How her time in Raffles changed her
Ms. Tan attributes the birth of her spirit of continuous learning to her days in Raffles, holding the institution close to her heart. She cites the freedom of exploring different interests, from service learning to even a university attachment at a nuclear physics laboratory, to be a defining feature of her pre-tertiary education. Lecturer Mr. Jamie Reeves, whom she remembers peppering his classes with humorous football references, has left an especially lasting impression.
Her school days are something most Rafflesians past and present can relate to. “I loved my days in Raffles, and have extremely fond memories of playing carrom in the school cafeteria and cheering my lungs out at inter-school sports events, where you really feel the Rafflesian spirit.”
To all Rafflesians, she offers a few guiding principles to live by. “Keep an open mind, be open to new possibilities instead of being too fixated on a certain pathway or ‘ideal job’. Sometimes, it is in the most unexpected places and doing what might seem like ‘unglamourous’ things that you learn and grow.” Indeed, her career experiences spanning across fields are a testament to relentless learning, and the gifts of serendipity.

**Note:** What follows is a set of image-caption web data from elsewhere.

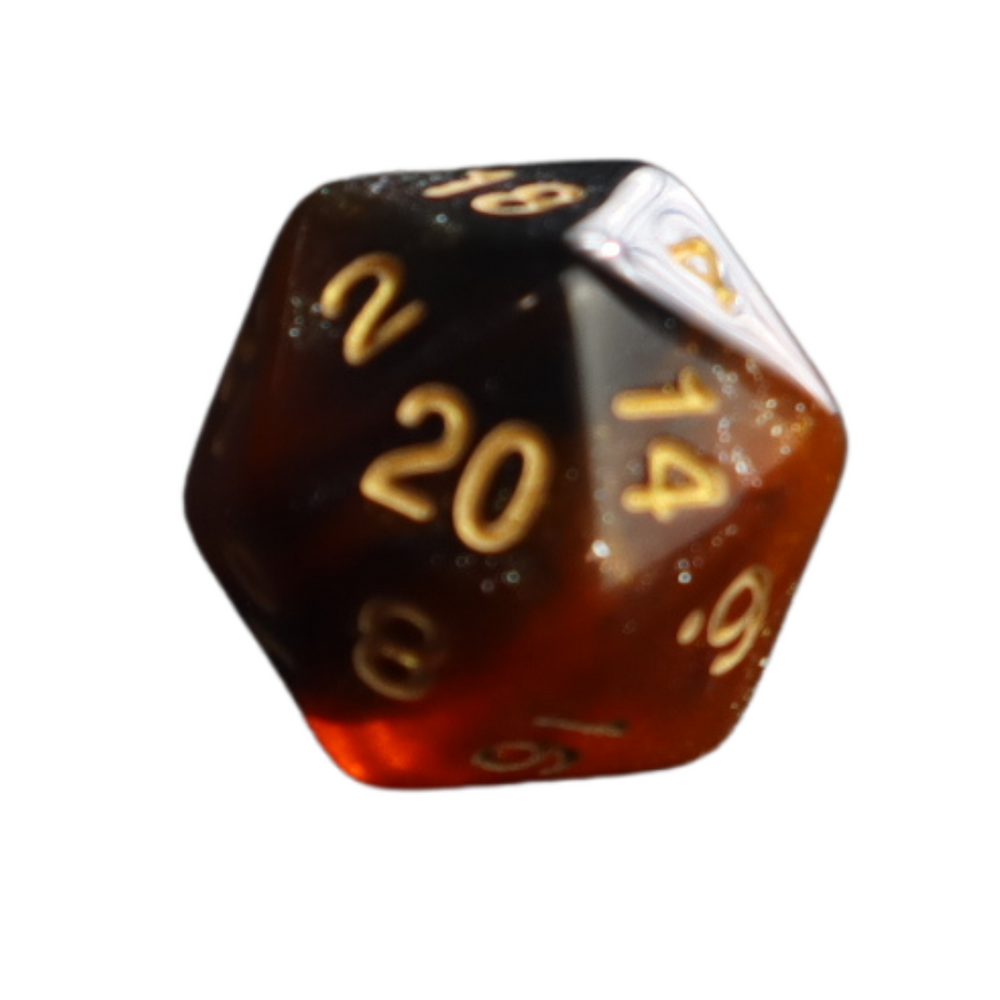 
                  
                    20 Sided Dice - 1 pcs
                  
                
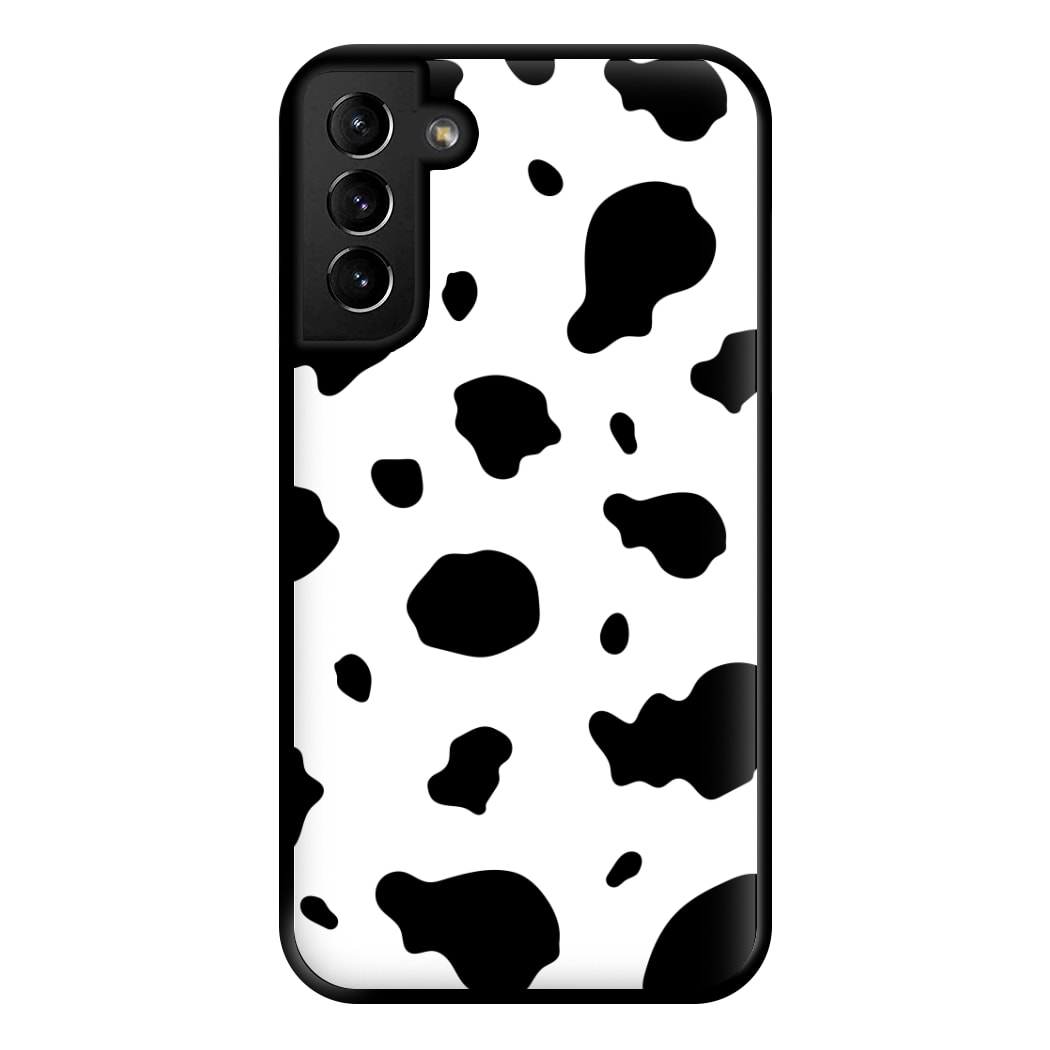 Cow Print 2 Phone Case for Galaxy S21 Plus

On leadership and youthful idealism, Ms. Tan extends some practical advice. “Sometimes, your ideas may not be accepted at that point in time for a variety of reasons. If you stand by what you believe, do your homework and follow through diligently, you can achieve a lot within your sphere of influence, and over time, grow that influence and bring others on board.”
The spirit of service indeed has driven Ms. Tan in her life choices. From its nascency in our Interact Club to its manifestation in her current position, it has helped her to “be the change [she] wants to see”. As a final encouragement, she rallies us to always stay true to ourselves and act on our convictions and dreams.